## Exercise objective
All of the data must be output exactly, with every picture left out.

## Data block

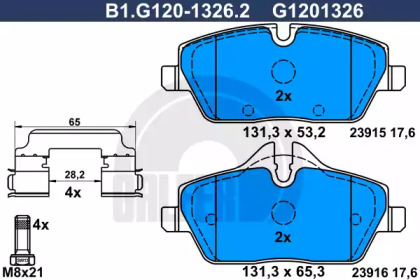 Комплект тормозных колодок (GALFER: B1.G120-1326.2)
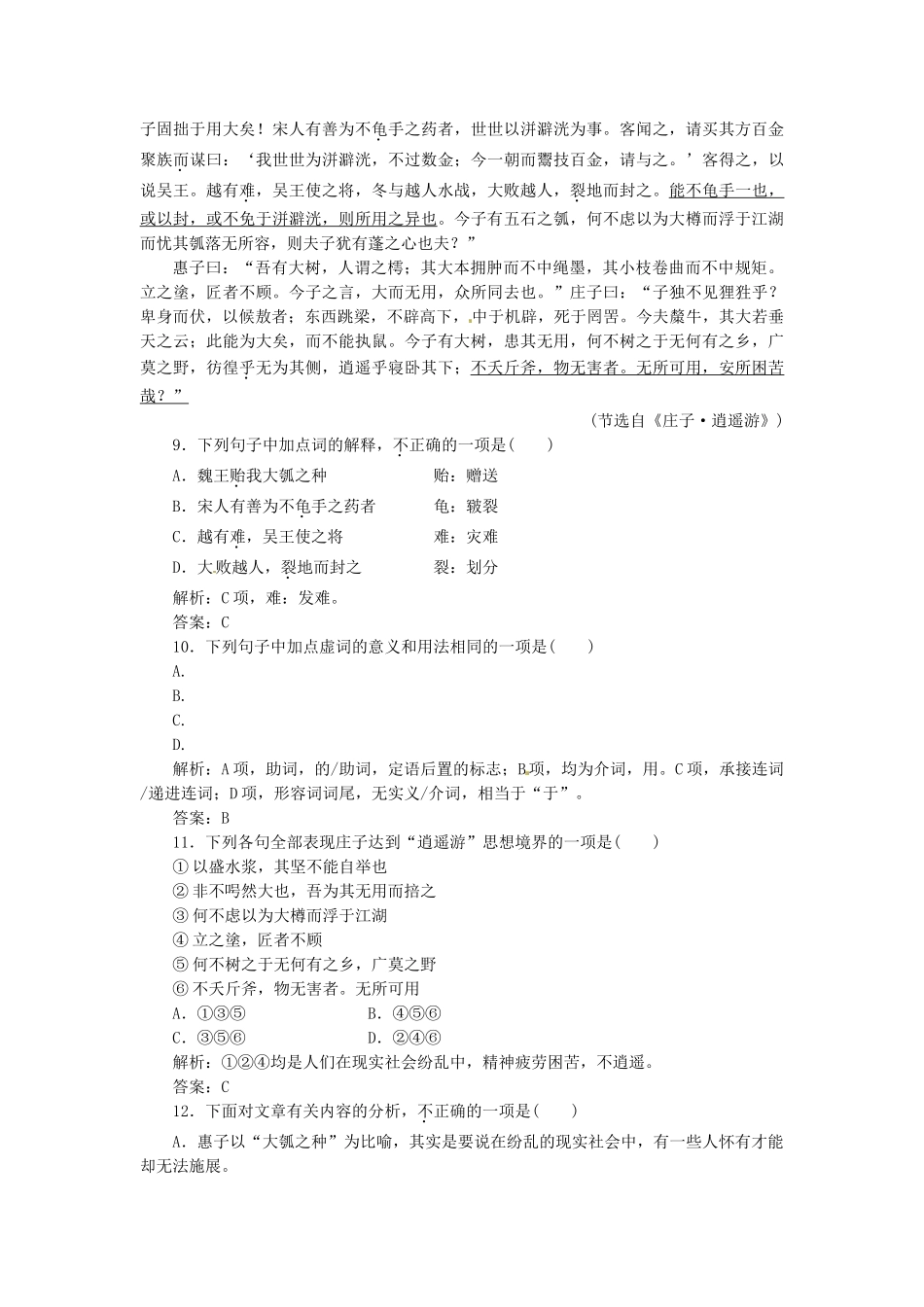 高中语文 第一专题 第16课 逍遥游（节选）落实应用板块 苏教版必修5_第3页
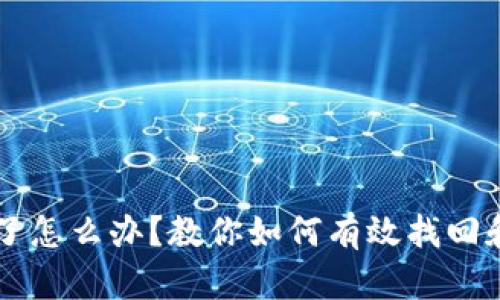 手机冷钱包丢了怎么办？教你如何有效找回和保障资产安全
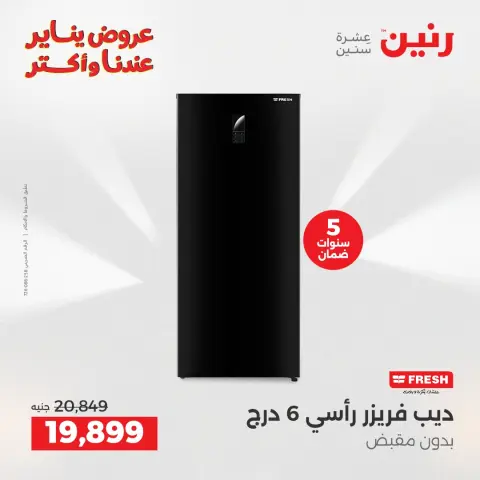 Raneen Egypt Offers from 25 to 26 January 2026 Electrical appliances offers - Page 15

## Result for this task
 Комплект тормозных колодок (GALFER: B1.G120-1326.2)
 高中语文 第一专题 第16课 逍遥游（节选）落实应用板块 苏教版必修5_第3页
 手机冷钱包丢了怎么办？教你如何有效找回和保障资产安全
 Raneen Egypt Offers from 25 to 26 January 2026 Electrical appliances offers - Page 15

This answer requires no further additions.